1. Caddy version (caddy version
):
v2.1.1 h1:X9k1+ehZPYYrSqBvf/ocUgdLSRIuiNiMo7CvyGUQKeA=
2. How I run Caddy:
a. System environment:
CentOS Linux release 7.7.1908 (Core)
b. Command:
systemctl start caddy
c. Service/unit/compose file:
[Unit]
Description=Caddy
Documentation=https://caddyserver.com/docs/
After=network.target
[Service]
User=nginx
Group=nginx
ExecStart=/usr/local/bin/caddy run --environ --config /etc/caddy/caddy.conf
ExecReload=/usr/local/bin/caddy reload --config /etc/caddy/caddy.conf
TimeoutStopSec=5s
LimitNOFILE=1048576
LimitNPROC=512
PrivateTmp=true
ProtectSystem=full
AmbientCapabilities=CAP_NET_BIND_SERVICE
Restart=always
RestartSec=30
[Install]
WantedBy=multi-user.target
d. My complete Caddyfile or JSON config:
{
"apps": {
"http": {
"servers": {
"my_server": {
"listen": [":60000"],
"automatic_https": {
"disable": true
},
"routes": [
{
"handle": [{
"handler": "reverse_proxy",
"upstreams": [
{
"dial": "192.168.154.15:80"
}
]
}]
}
],
"tls_connection_policies": [{
"match": {
"sni": ["subdomain.domain.com"]
}
}]
}
}
},
"tls": {
"certificates": {
"load_files": [{
"certificate": "/etc/ssl/subdomain.domain.com/fullchain.pem",
"key": "/etc/ssl/subdomain.domain.com/privkey.pem"
}]
}
}
}
}
3. The problem I’m having:
I run a Django server on the same system that Caddy is running on.

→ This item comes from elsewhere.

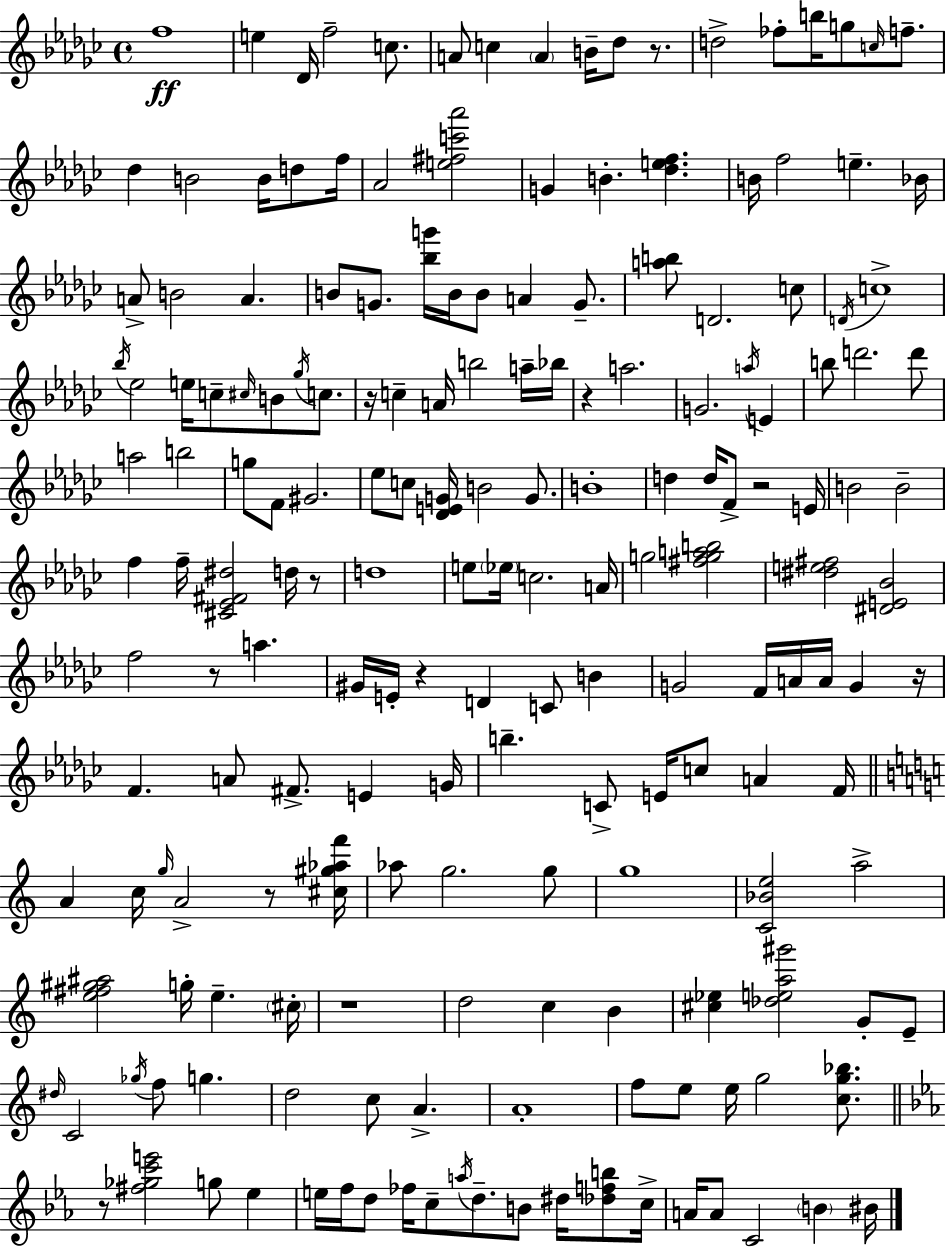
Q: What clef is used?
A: treble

When users connect to my server, and login, they have a list of remote systems they have access to. When they select a remote system and want to connect to its web interface, my Django:
- Uses the Caddy API to setup a reverse proxy to that system’s web interface on an unused port (ex port 4000)
- Tells the user’s browser to go to subdomain.domain.com:4000.
This works, and lets the user interact with the remote system’s web interface through my Django website. It does have a few disadvantages though:
- I need a unique port for every remote system actively in use
- This is not ideal, but my Django website does not currently, nor will it ever have enough simultaneous users for me to run out of ports
- Security
- If a user sees that they are connecting to subdomain.domain.com:PORT, and simply guesses a different PORT number, they’ll connect to a system they don’t own
Is there a better way to do this?
I’m thinking that:
- If Caddy has something similar to Nginx’s concept of Internal paths, where it won’t load a resource for a user unless Django specifically allows it, this would solve my security issue
- I could use domain names instead of ports to match on, and a wildcard SSL cert, which would solve my first problem of using one port per remote system
- Unfortunately our DNS provier (Network Solutions) does not appear to be supported by DNS challenge, which is the only way to get a wildcard cert (as far as I can tell). I can’t write Go to make a module to support them, and even if I could, they don’t have an API to update TXT records (I asked them)
Does Caddy have a concept of internal resources like Nginx does? Anything else I can do? Any suggestions would be appreciated.